▶ GIVEN INFORMATION:
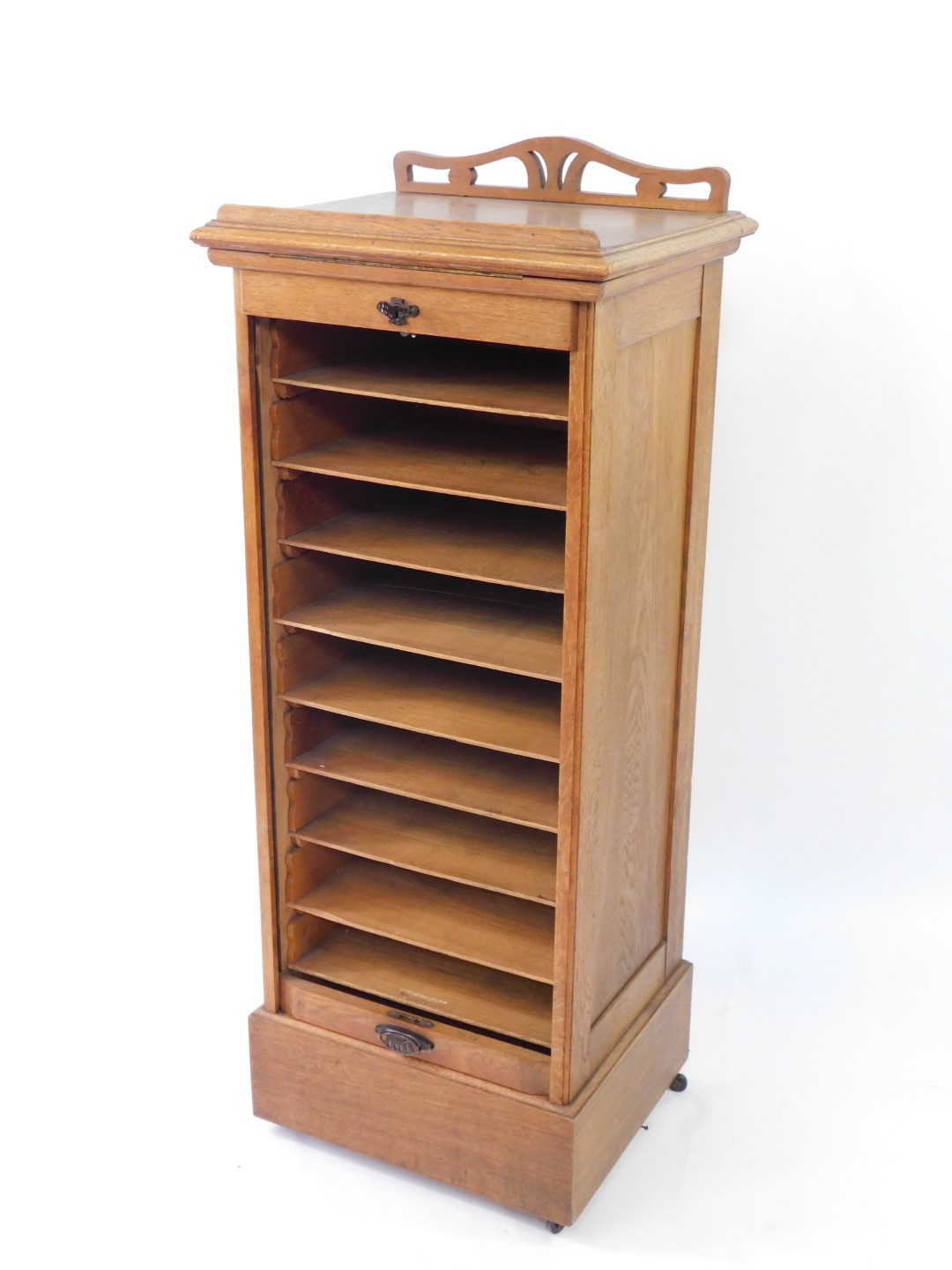 A Victorian oak tambour fronted clerk's desk, with a hinged lectern top, over nine sliding trays, - Image 2 of 4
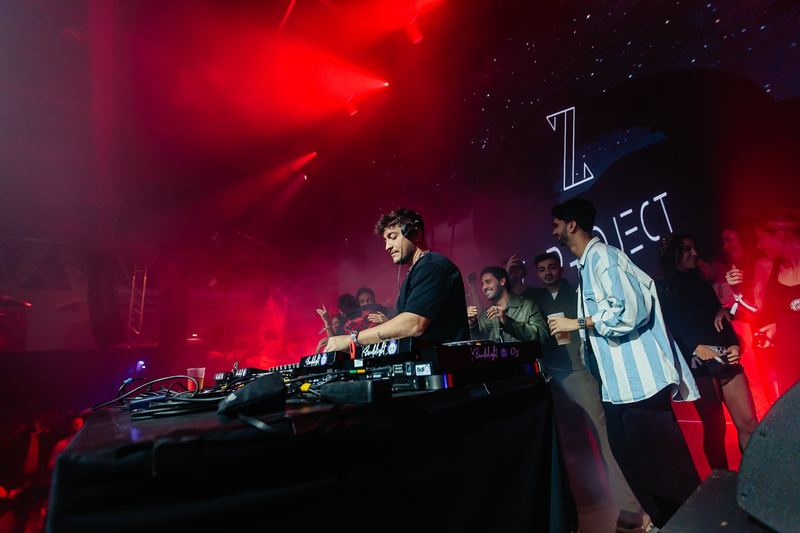 DJ aux platines devant un écran lumineux, salle noyée de rouge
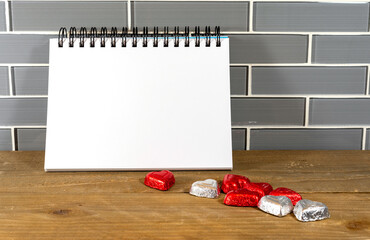 Blank spiral notepad in a modern kitchen with silver and red heart chocolates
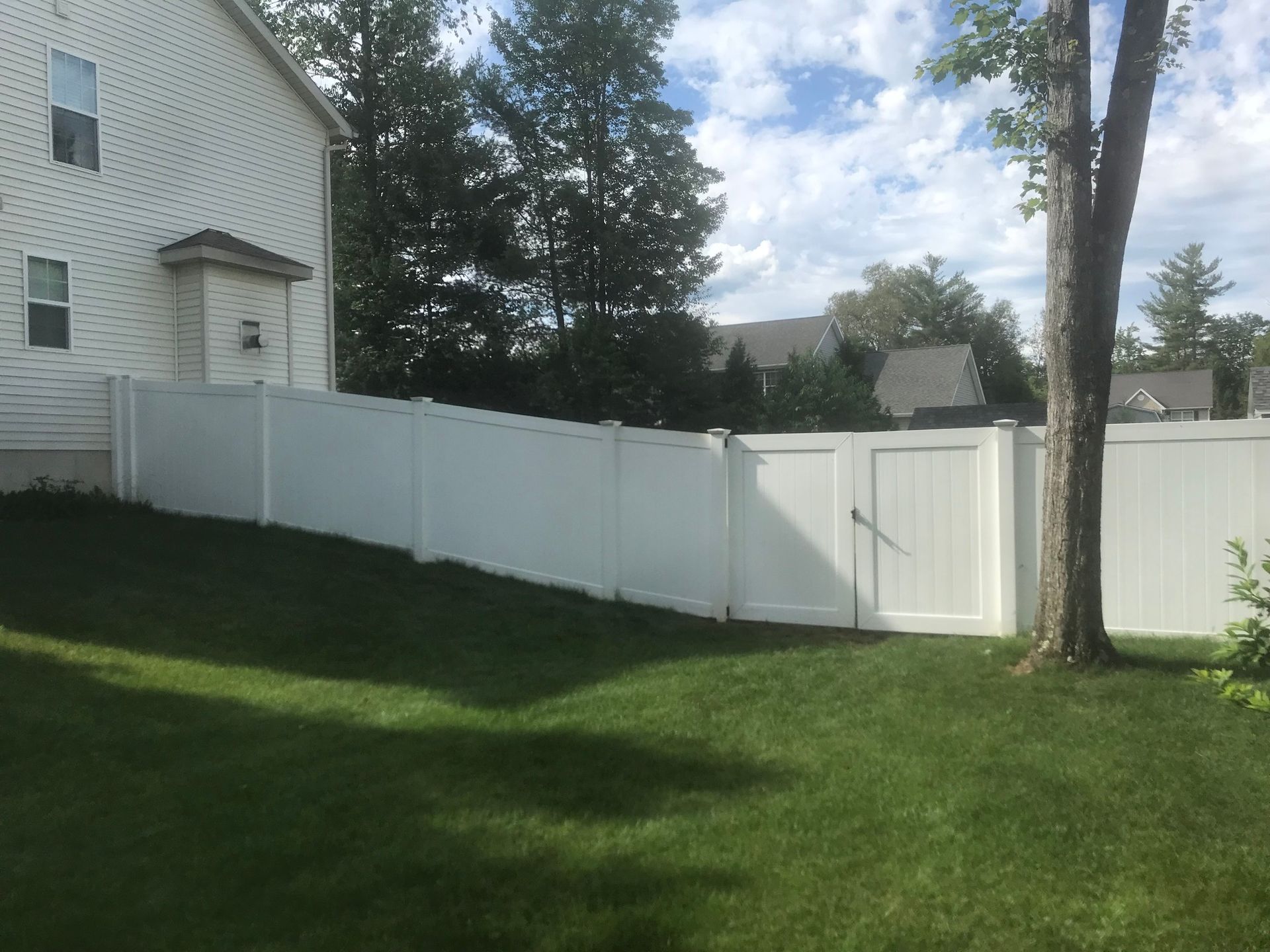 White vinyl fence with gate in a backyard, beside a house and trees, on a sunny day.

▶ WHAT TO DO:
What you write should match, word for word, the lines from the one containing "DJ aux platines" to the end of the listing, with both ends kept and the pictures left out.

▶ SOLUTION TO THE EXERCISE:
 DJ aux platines devant un écran lumineux, salle noyée de rouge
 Blank spiral notepad in a modern kitchen with silver and red heart chocolates
 White vinyl fence with gate in a backyard, beside a house and trees, on a sunny day.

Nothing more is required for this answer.